MEMORANDUM OF INTENT The Bush administration should explain why Americans should not be disturbed by a secret British memo on the runup to the Iraq War Copyright 2005 Houston Chronicle
Weeks after it dominated front pages in Europe, the so-called Downing Street Memo finally has bored its way into the U.S. press. The 2002 document describes comments by Britain's intelligence chief, Richard Dearlove, concerning talks with U.S. officials eight months before the invasion of Iraq. Identifying Dearlove as "C," the leaked memo summarizes his report: "Military action was now seen as inevitable. Bush wanted to remove Saddam, through military action, justified by the conjunction of terrorism and WMD. But the intelligence and facts were being fixed around the policy." Intelligence agents' observations can be inaccurate. The head of the CIA at the time, George Tenet, erroneously thought the case for Iraqi WMD was a slam dunk. But the Downing Street memo accurately foresees the U.S. invasion of Iraq and the administration's attempts to link Saddam to al-Qaida and weapons of mass destruction — links that were found after the invasion not to exist. The memo's observation that U.S. intelligence would be shaped to policy might be mistaken, but the administration did wind up using flawed analysis to justify its war policy to the American people.

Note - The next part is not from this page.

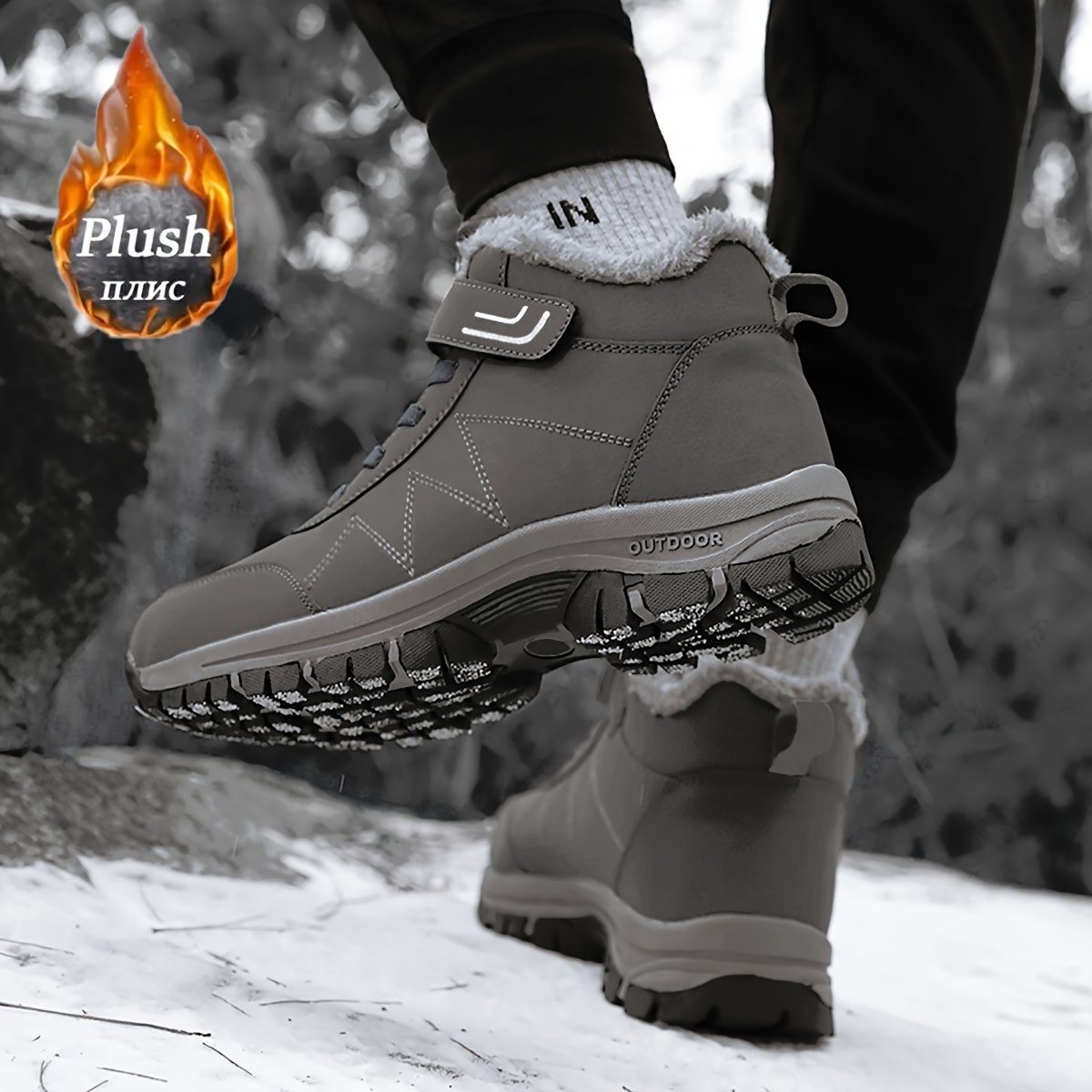 mens solid snow boots warm fleece cozy non slip ankle boots plush comfy outdoor hiking shoes lined trekking shoes winter details 0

An independent panel investigated the use of U.S. intelligence before the Iraq War. It concluded that President Bush and his administration did not manipulate the intelligence. The panel supported the administration's claim that it relied on faulty intelligence.
In a Tuesday press conference with British Prime Minister Tony Blair, Bush responded directly to the Downing Street Memo's content for the first time, saying, "there's nothing further than the truth." He added that his administration had worked hard to avoid sending troops to war. "Nobody," Bush said, "wants to commit military into combat. It's the last option."
Like Blair, Bush reasonably points out that Saddam would never have changed his spots and, left to his own devices, would have endangered his neighbors and U.S. interests. But that argument, absent WMD and terrorist ties, was not what moved Congress to authorize military action.
In the interest of the nation and the administration, the source and content of the Downing Street Memo need to be fully explained.